Description of the task
Below is a block of entries; repeat exactly the lines starting at the line that contains "http://www.noage-amc.com/topics/vogue_1110_contents01.jpg" and ending at the line that contains "Ониходистрофия (дистрофия ногтей)", both included.

The records
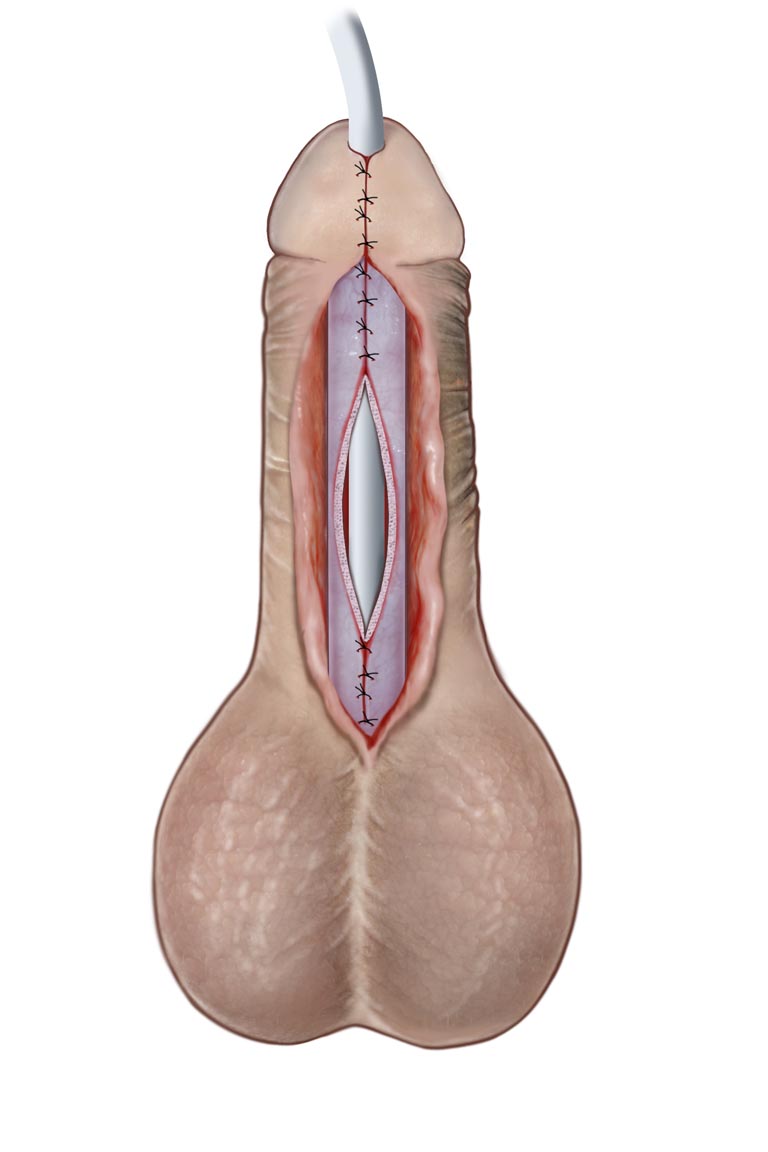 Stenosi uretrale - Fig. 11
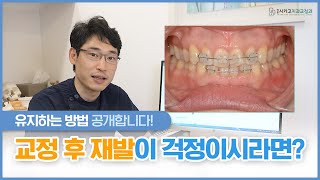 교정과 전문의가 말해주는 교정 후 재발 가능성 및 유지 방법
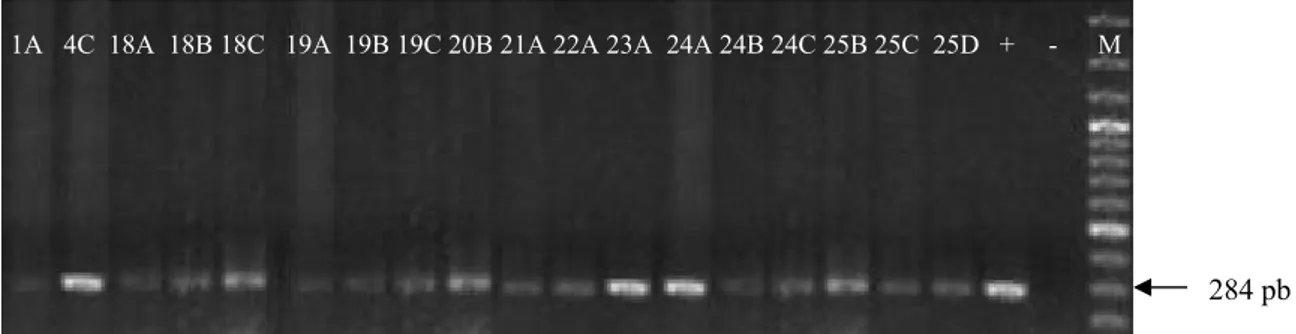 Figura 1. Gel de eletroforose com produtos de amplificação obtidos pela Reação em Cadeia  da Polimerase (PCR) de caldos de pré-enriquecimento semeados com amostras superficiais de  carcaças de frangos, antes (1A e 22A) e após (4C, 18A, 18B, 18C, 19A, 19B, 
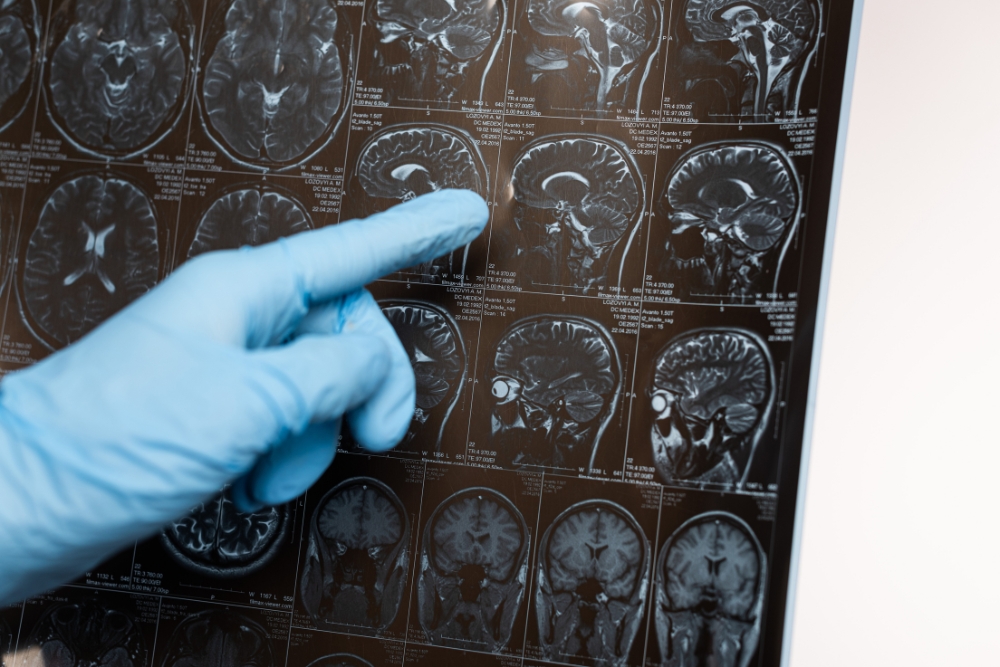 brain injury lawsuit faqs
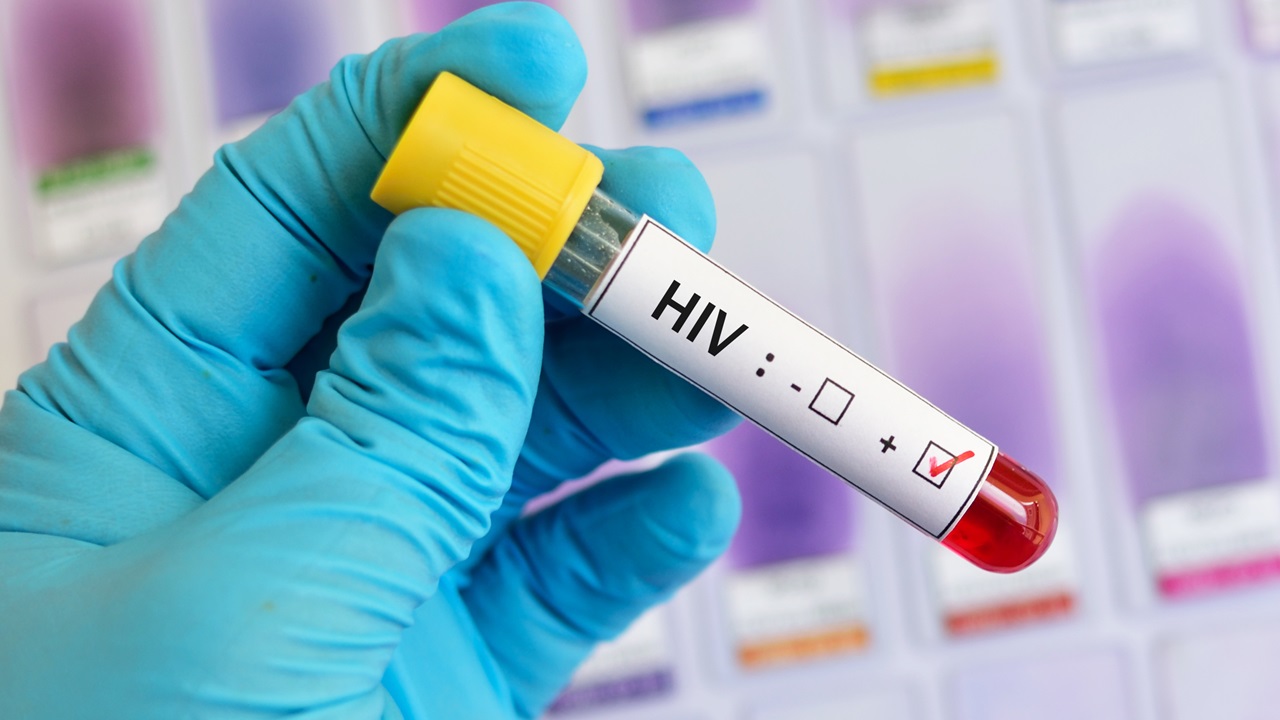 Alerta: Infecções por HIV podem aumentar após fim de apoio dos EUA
...
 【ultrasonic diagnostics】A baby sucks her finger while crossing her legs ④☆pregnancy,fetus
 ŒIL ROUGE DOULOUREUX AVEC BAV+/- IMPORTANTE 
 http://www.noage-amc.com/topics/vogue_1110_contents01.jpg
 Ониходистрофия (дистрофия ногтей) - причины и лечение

Your solution
 http://www.noage-amc.com/topics/vogue_1110_contents01.jpg
 Ониходистрофия (дистрофия ногтей) - причины и лечение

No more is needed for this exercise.